(Your assignment) Only the text of the entries below should appear in your exact transcription; leave out every picture.
◆ ◆ ◆ ◆ ◆
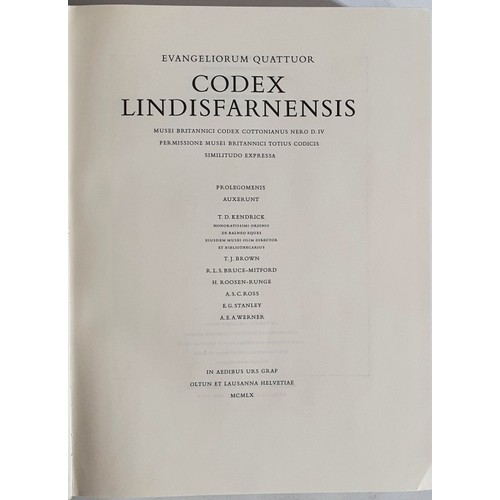 54 - The Lindisfarne Gospels- Evangeliorum Quattuor, Codex Lindisfarensis, 2 Vols. No 460 of 680. Ottent ... 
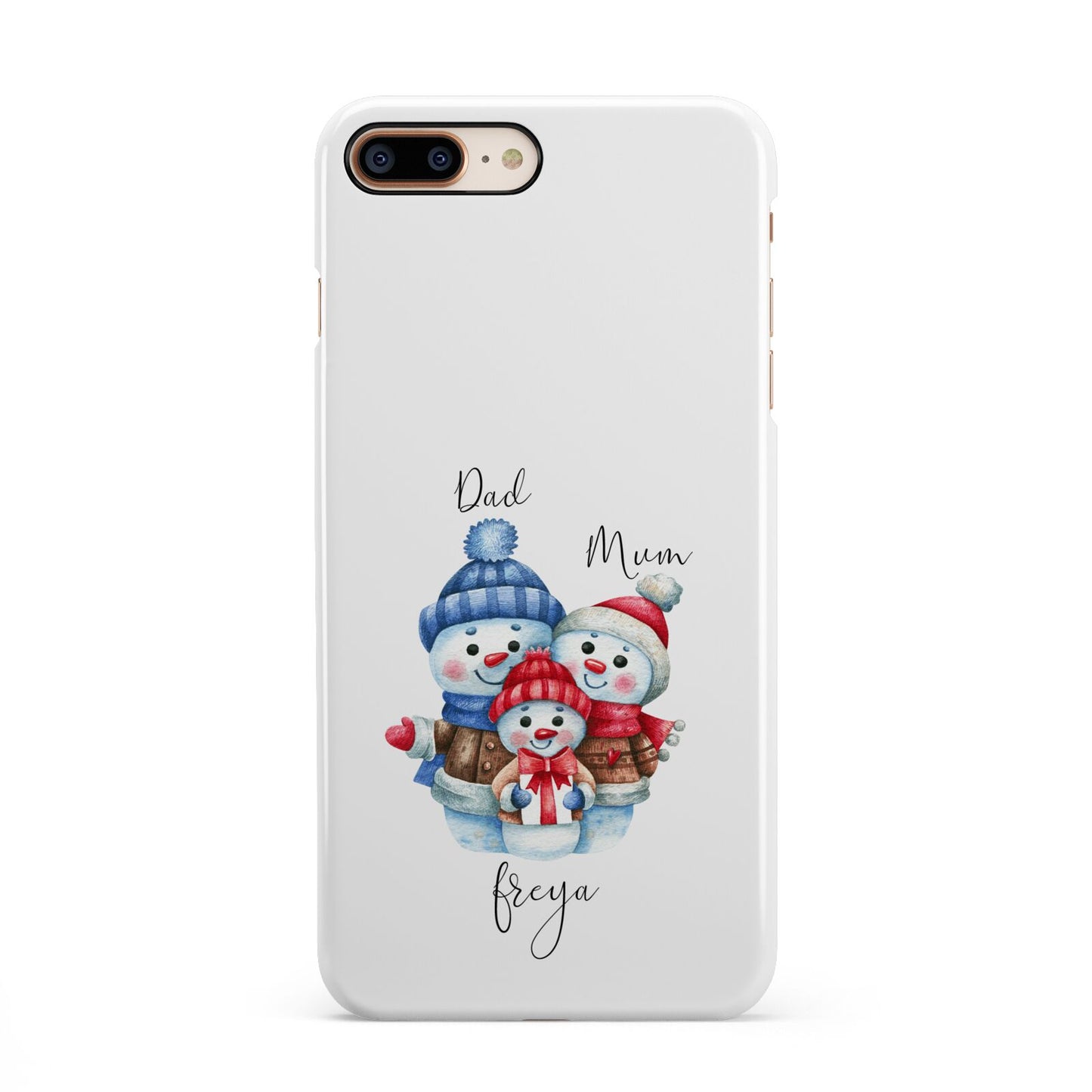 Custom Snowman Family iPhone 8 Plus 3D Snap Case on Gold Phone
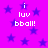 Pixelated text 'i luv bball!' on a purple background with blue stars, displayed in a of four identical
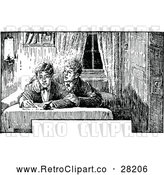 Vector Clip Art of Retro Boys Wriring a Letter by Prawny Vintage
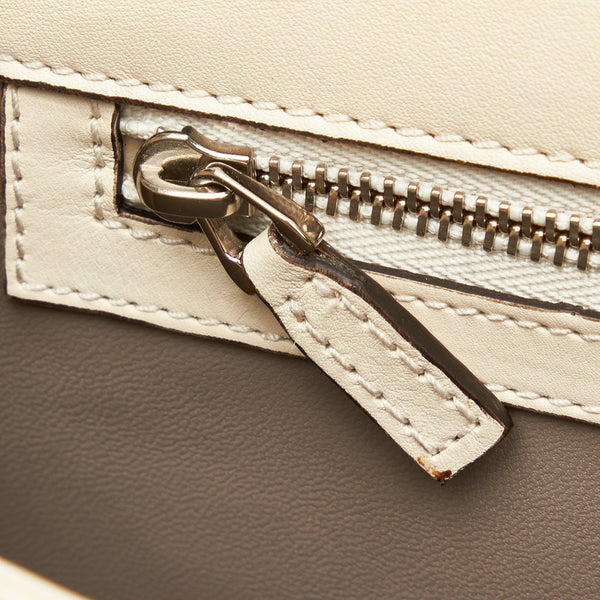 グッチ バンブー 370817 ホワイト グレー レザー 肩掛け ショルダーバッグ レディース GUCCI 【中古】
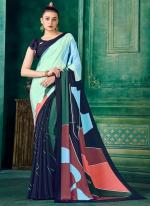 Crepe Multi Colour Casual Wear Printed Saree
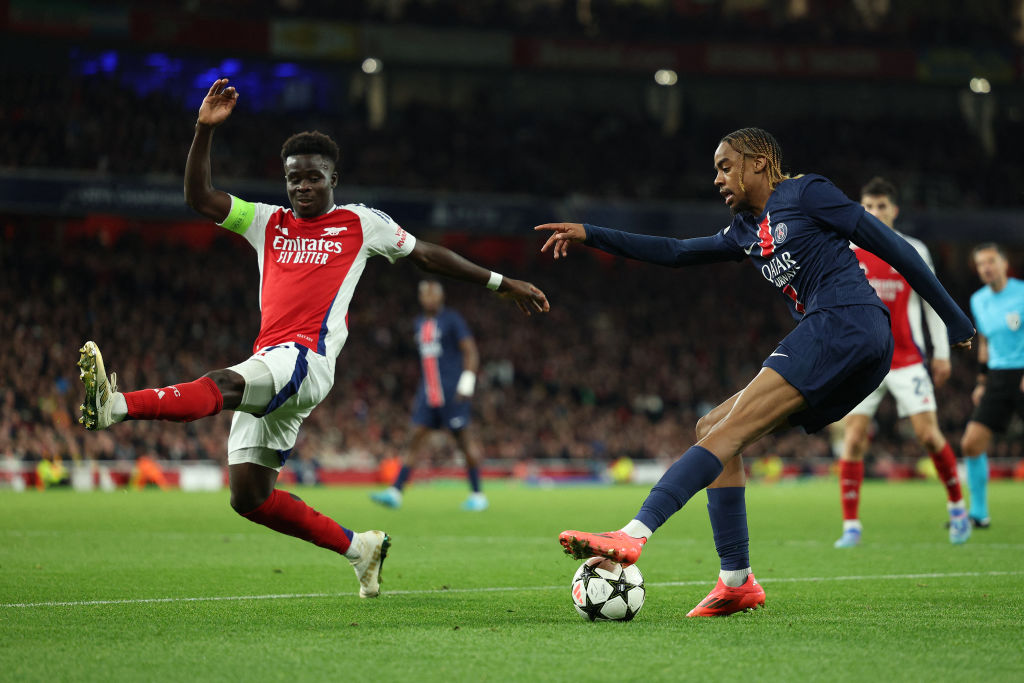 Bradley Barcola and Bukayo Saka during Arsenal vs PSG in the Champions League.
◆ ◆ ◆ ◆ ◆
(Written reply)
 54 - The Lindisfarne Gospels- Evangeliorum Quattuor, Codex Lindisfarensis, 2 Vols. No 460 of 680. Ottent ... 
 Custom Snowman Family iPhone 8 Plus 3D Snap Case on Gold Phone
 Pixelated text 'i luv bball!' on a purple background with blue stars, displayed in a of four identical
 Vector Clip Art of Retro Boys Wriring a Letter by Prawny Vintage
 グッチ バンブー 370817 ホワイト グレー レザー 肩掛け ショルダーバッグ レディース GUCCI 【中古】
 Crepe Multi Colour Casual Wear Printed Saree
 Bradley Barcola and Bukayo Saka during Arsenal vs PSG in the Champions League.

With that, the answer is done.